Policjanci z Woli otrzymali zgłoszenie o kierującym osobowym fiatem, który poprosił o pomoc w pilnym dotarciu do szpitala. W aucie znajdowało się jego dwumiesięczne dziecko, które było w stanie zagrażającym życiu. Funkcjonariusze przeprowadzili eskortę na sygnałach.
Policjanci z wydziału patrolowo-interwencyjnego st. post. Tomasz Mielcarz i st. post. Jakub Mućka otrzymali zgłoszenie o tym, że przy ul. Dzikiej autem jedzie ojciec z dwumiesięcznym dzieckiem do szpitala i prosi o eskortę policji.

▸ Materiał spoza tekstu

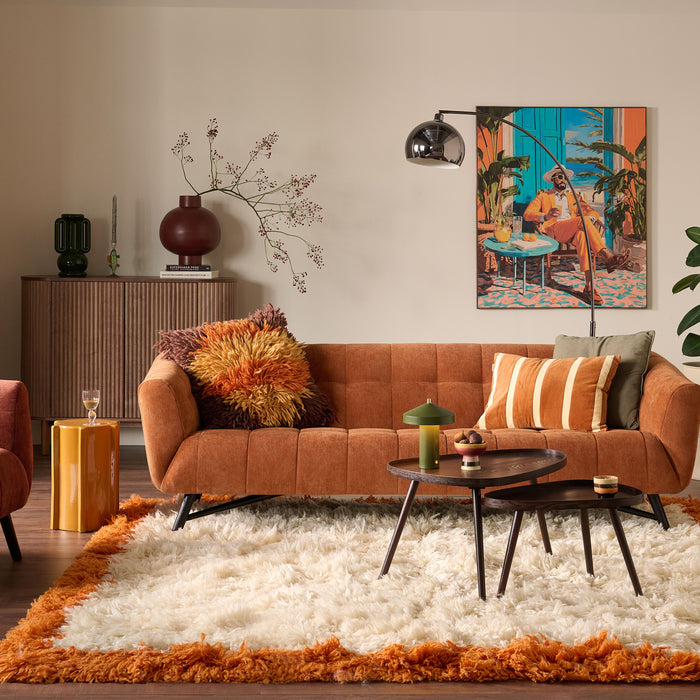 HKliving Fluffy Vloerkleed 250 x 250 cm - Crème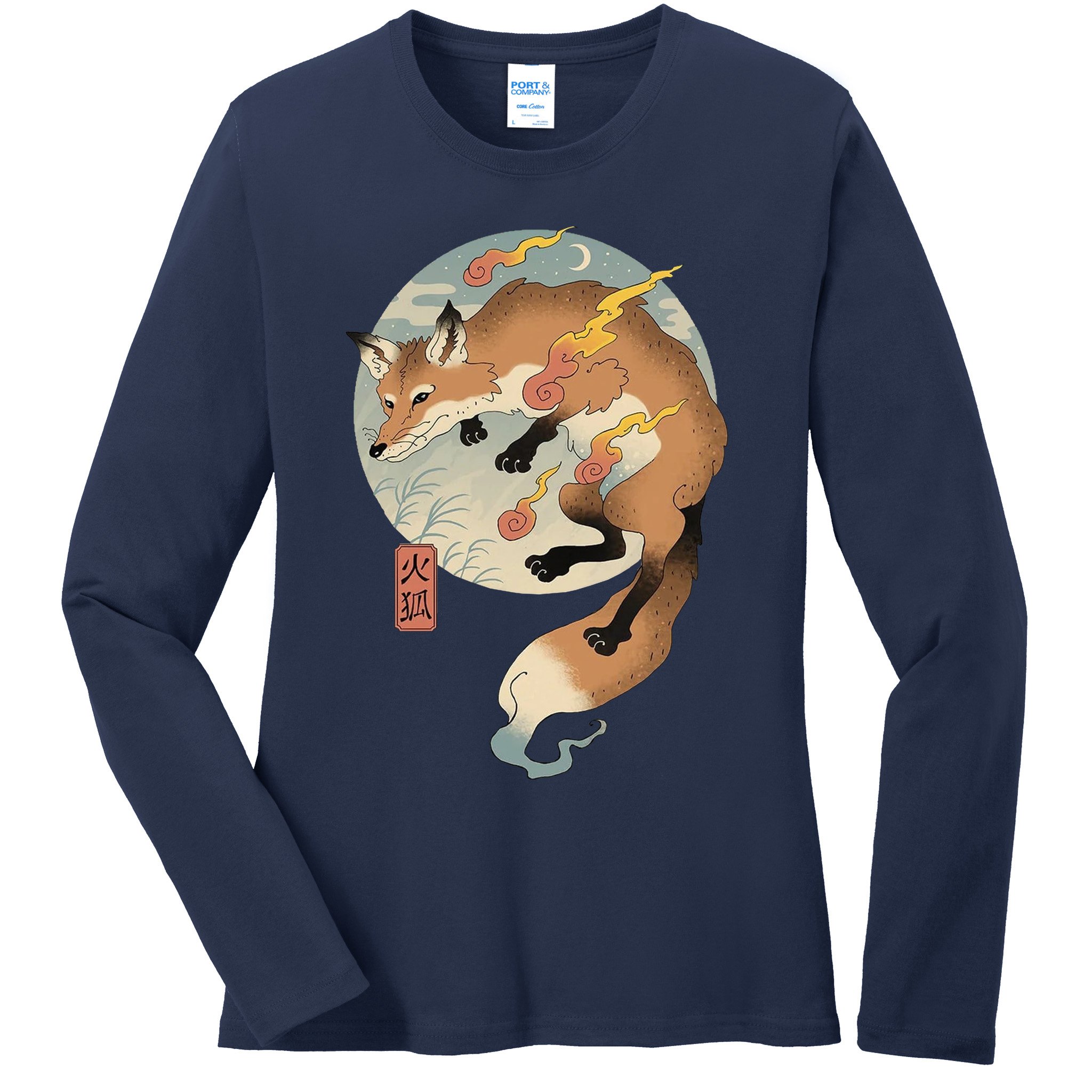 Fire Fox Ukiyo E Japanese Ladies Long Sleeve Shirt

- Sytuacja była bardzo poważna, ponieważ dziecko wymagało natychmiastowej pomocy lekarskiej z powodu problemów z oddychaniem - wyjaśniła nadkomisarz Marta Sulowska, rzeczniczka wolskiej policji.
Eskorta na sygnałach
Funkcjonariusze mieli informację, że mężczyzna z dzieckiem poruszają się czerwonym fiatem. - Na skrzyżowaniu alei Jana Pawła II z aleją "Solidarności" zauważyli pojazd i mężczyznę, który machał do nich ręką i prosił o pomoc w eskorcie do szpitala. Policjanci widząc, że sytuacja wymaga pilnej interwencji lekarskiej, bezpiecznie i bez zbędnej zwłoki rozpoczęli pilotaż kierującego z dwumiesięcznym dzieckiem do placówki medycznej - zrelacjonowała Sulowska.
Do szpitala dotarli na czas. Dziecku natychmiast udzielono pomocy.
- Po całym zdarzeniu ojciec niemowlaka podziękował policjantom za pomoc. Na szczęście życiu i zdrowiu dziecka nic już nie zagrażało - wskazała Sulowska.